The "discovery" comes in to play because next week, for the first time in my life, I will be alone ! Max and Lisa have found an apartment in San Francisco and will be moving in. I am so happy that Max is ready to start his life again. It has been a year of him being torn between his own life, and protecting me ! It makes me cry every time I think about what the kids have been through. I have spent a year trying to prove to Max that I can mow the lawn, feed the dogs, fix the car, etc. all by myself. It is like pushing a very big bird out of the nest. I am so happy that he is wanting to leave, but gosh, I will be lonely. I can't remember the last time I cooked for one. I think the dogs are going to become fat from leftovers.

You know, it's different when you are widowed than when you get a divorce. This isn't something I wanted, asked for, or planned. It was not a choice made by either party. By now, when the kids left home, Todd and I were supposed to travel, do things around the house together, maybe find a hobby or two. We were actually looking forward to being empty nesters. How do you feather a nest for one ?

***** just a note.

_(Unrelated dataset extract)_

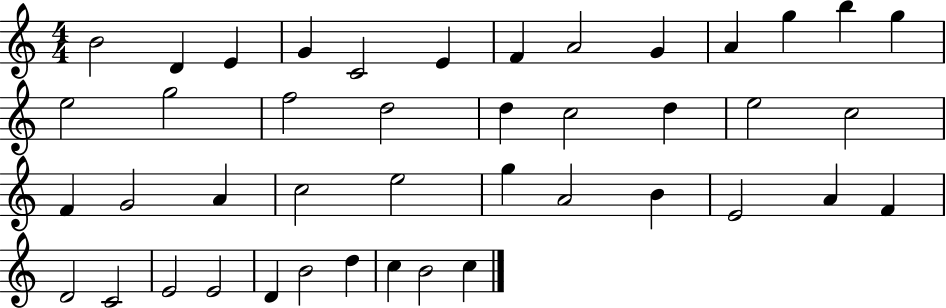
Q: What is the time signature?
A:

Called church and asked if I could have a mass said for Todd on the 5th. The lady said the fifth was already taken, but would I want a different day. I told her if Todd died again, I'd let her know the new date ! Yes, I am a brat, but COME ON PEOPLE ********

Tuesday, February 23, 2010

not your kind of dancing

He hasn't called yet, and I hate that I am checking the computer for an e-mail every day. I really shouldn't care if he calls again or not. If it was meant to be, it was meant to be. What I should look on the whole experience as is getting the first date over with. AARRGGHHH.
I did buy tickets to Earth, Wind and Fire at the Sonoma Jazz Festival, and there is an extra ticket just in case I meet someone I want to invite. I guess that's a step in the positive direction !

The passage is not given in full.